**Problem requirements**
Write out exactly the lines below from the one containing "TOTAL TR111226 2200W" to the last, both ends kept, and nothing more; skip all pictures.
*** Block opens ***
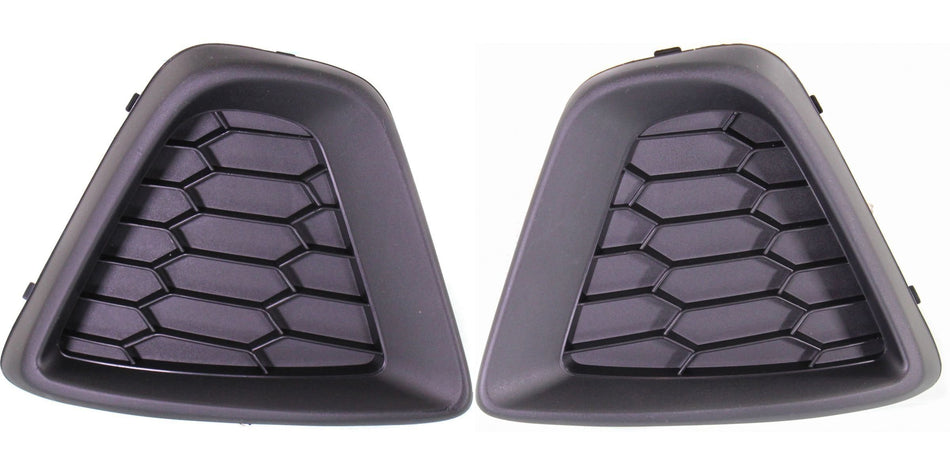 DAT AUTO PARTS Front Left Driver & Right Passenger Side Bumper Fog Light Cover Grille Molding Trim Set of 2 Replacement for 2013-2015 Mazda CX-5 Bl...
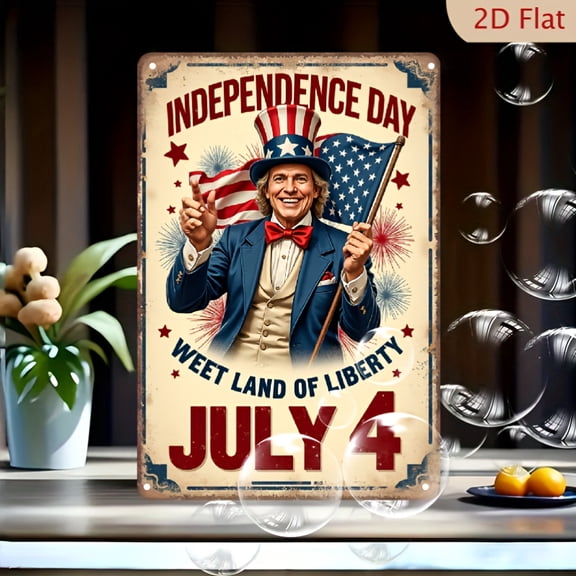 Vintage 4th Of July Metal Tin Sign - Patriotic Uncle Sam & American Flag Wall Decor - 8x12 Inch Iron Retro Americana Art For Home, Bar, Garage - Independence Day Celebration Decoration
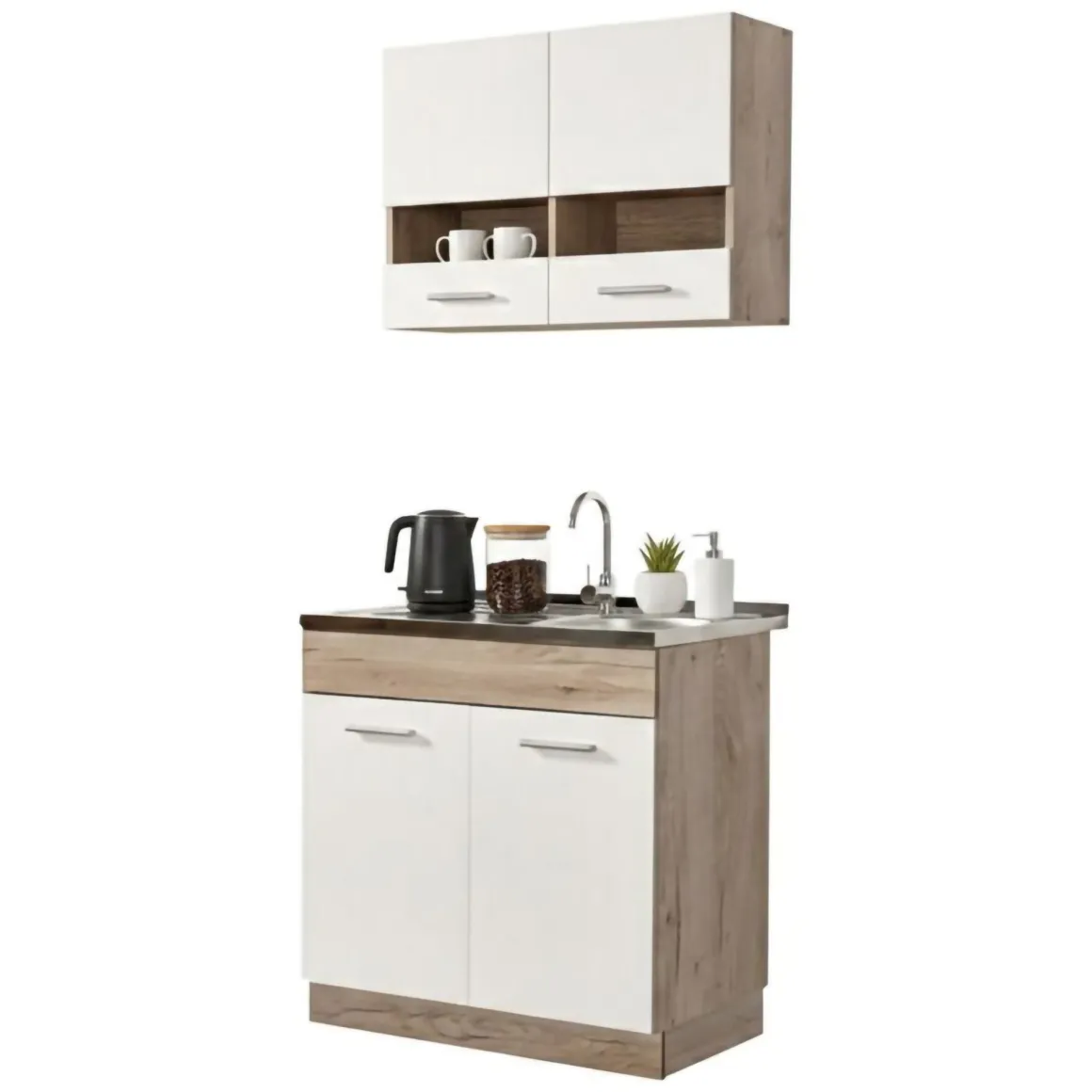 Cucina Bianco Marrone Rovere 2 Ripiani 4 Ante, Fori Piano Cottura e Lavello a Carico del Cliente - Taurano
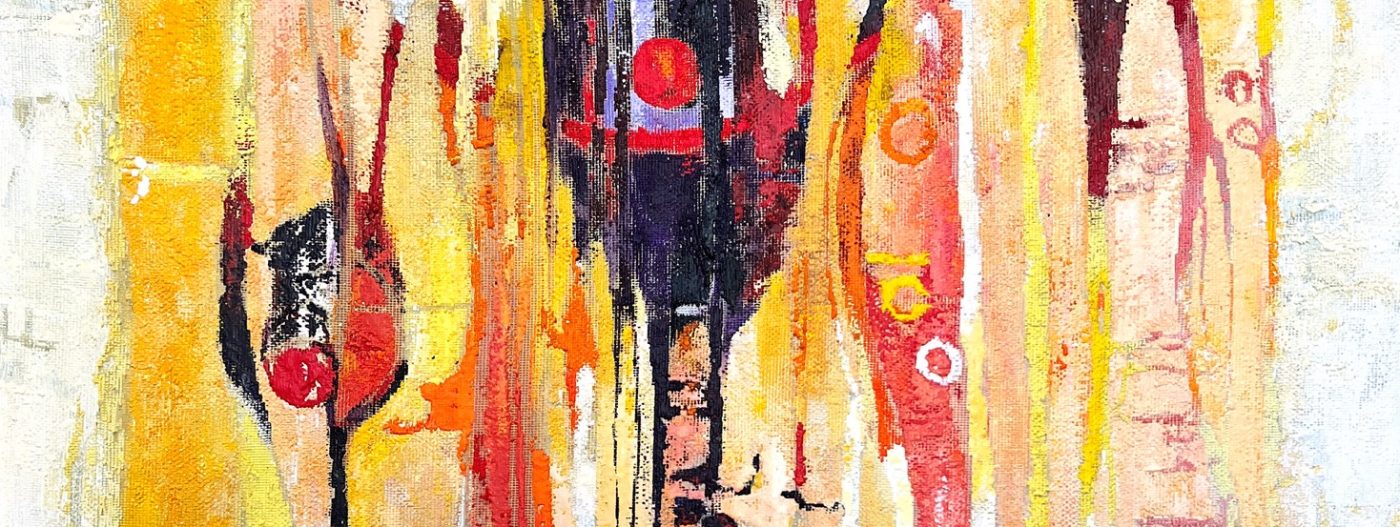 An abstract oil painting with white, yellow, red and black shapes.
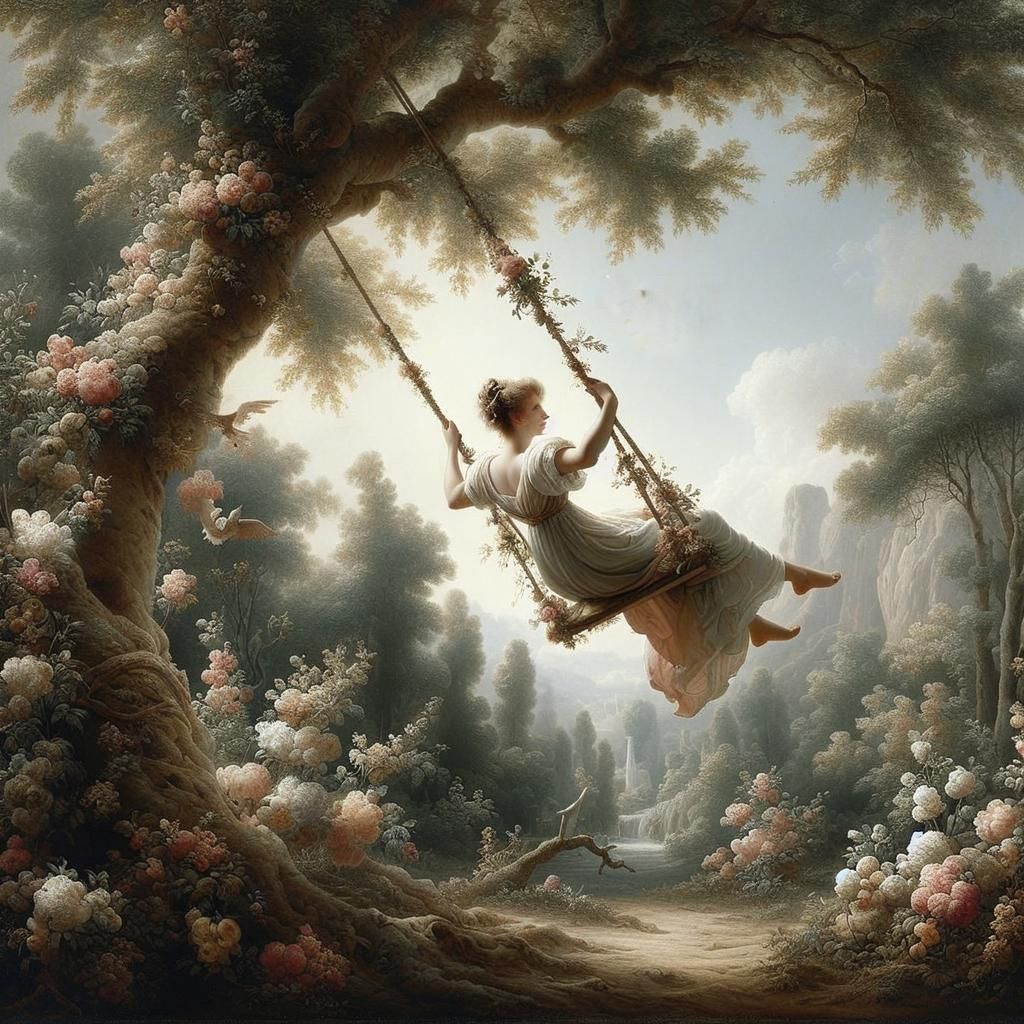 Woman on Swing: Rococo Oil Painting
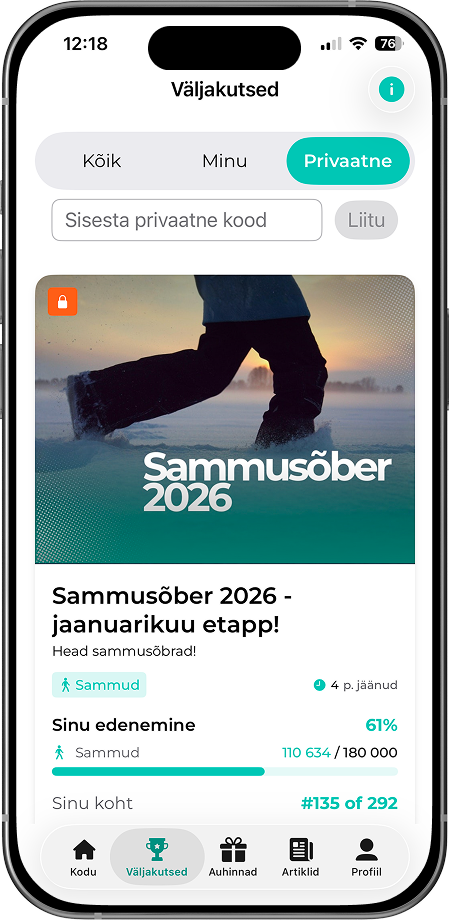 FitSphere äpp nutitelefonis: Sammusõber 2026 väljakutse ekraan privaatse liitumiskoodiga ja sammude edenemisriba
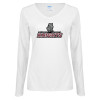 Thumbnail image for  Womens White Long Sleeve V Neck Tee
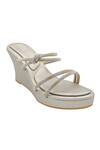 Veruschka by Payal Kothari_Gold Suede Metallic Strappy Wedges_Online_at_Aza_Fashions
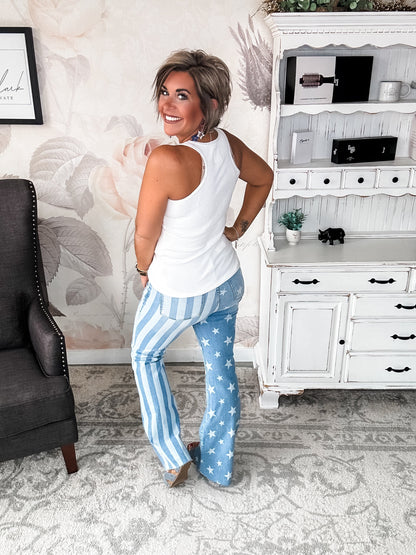 Judy Blue Stars & Stripes Bleach Flare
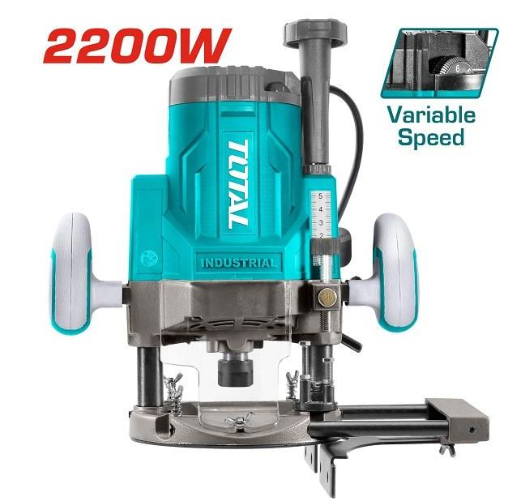 TOTAL TR111226 2200W 12mm (½ Inch) Electric Router – Industrial Plunge Wood Router for Deep Grooving & Heavy Joinery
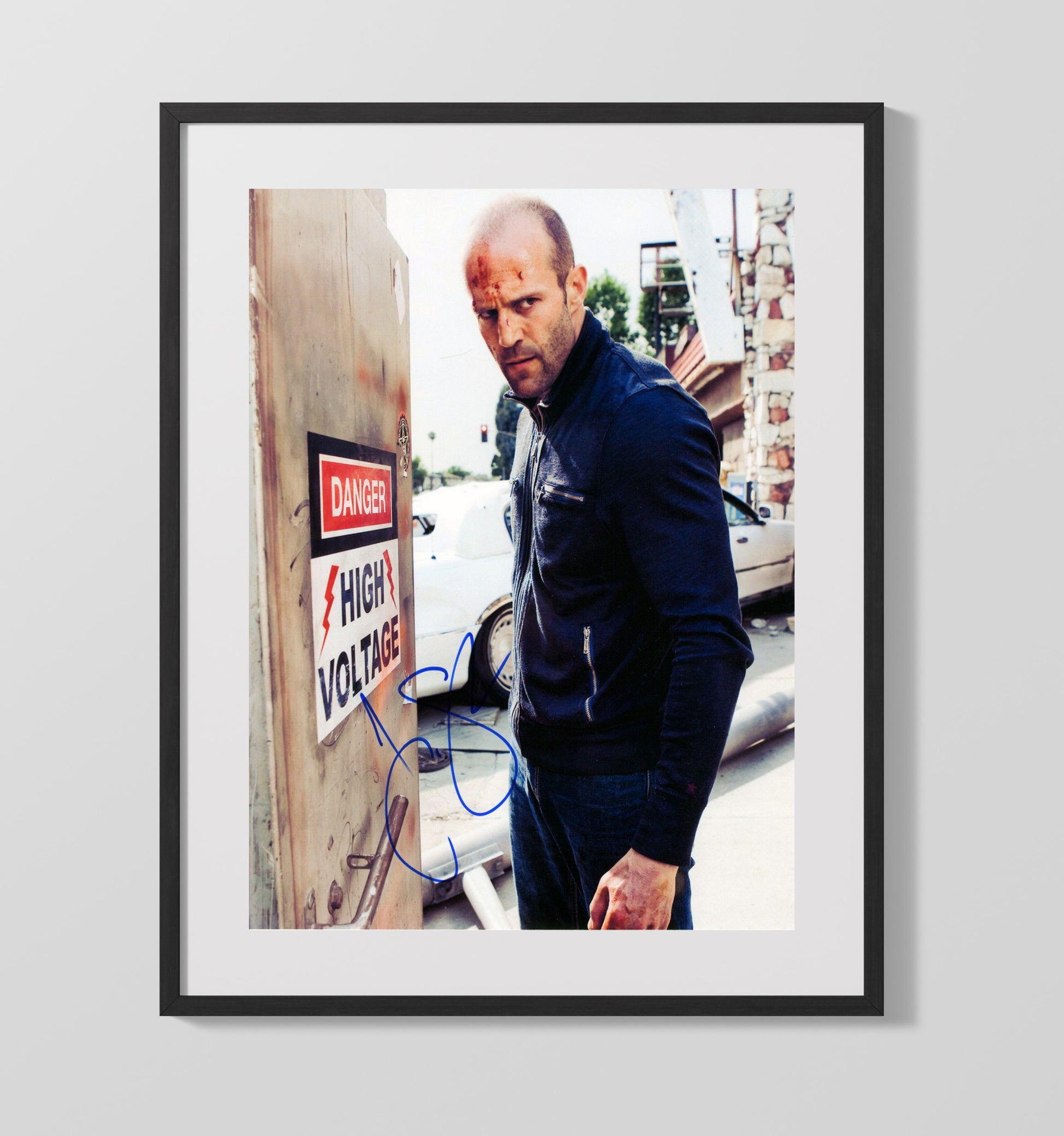 Jason Statham - Gritty Action Hero Intense Stare Vintage Movie Wall Art - 16x20 Gallery Frame movie decor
*** Block closes ***
**Completed exercise**
 TOTAL TR111226 2200W 12mm (½ Inch) Electric Router – Industrial Plunge Wood Router for Deep Grooving & Heavy Joinery
 Jason Statham - Gritty Action Hero Intense Stare Vintage Movie Wall Art - 16x20 Gallery Frame movie decor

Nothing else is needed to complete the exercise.